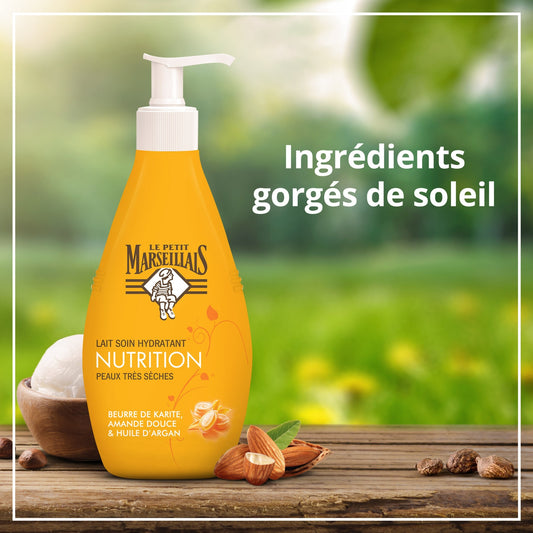 Lait Hydratant Nutrition Karité, Argan et Ama LE PETIT MARSEILLAIS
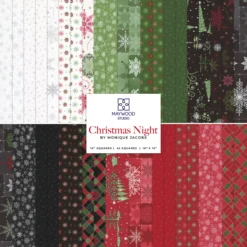 Christmas Night 10" Squares From Maywood Studio
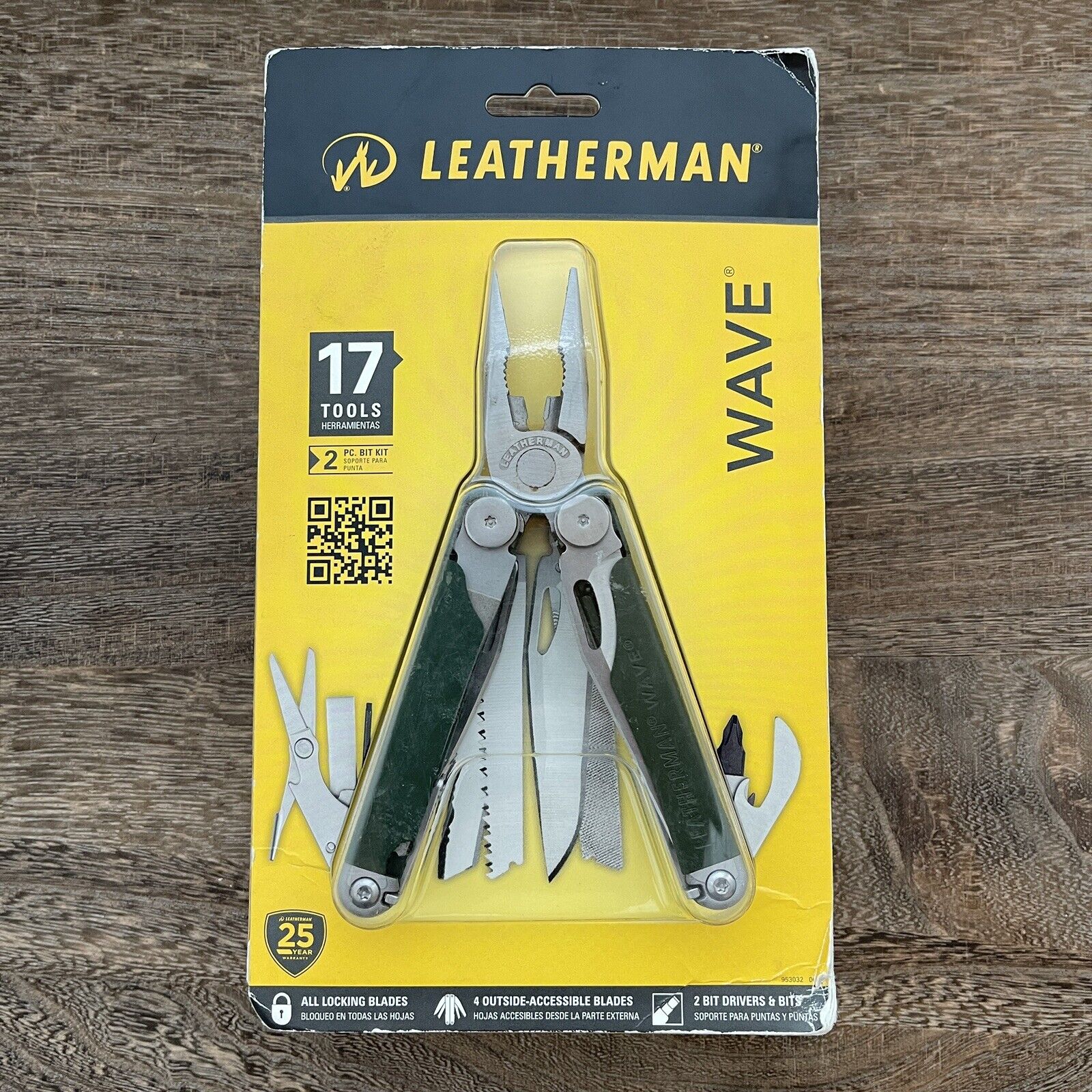 Collectible, new Leatherman Wave Green, Limited Edition Multi-Tool. Sealed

::::

## REQUIREMENT
Take the listing and print it again exactly, but without any pictures.

## TASK OUTPUT
 Lait Hydratant Nutrition Karité, Argan et Ama LE PETIT MARSEILLAIS
 Christmas Night 10" Squares From Maywood Studio
 Collectible, new Leatherman Wave Green, Limited Edition Multi-Tool. Sealed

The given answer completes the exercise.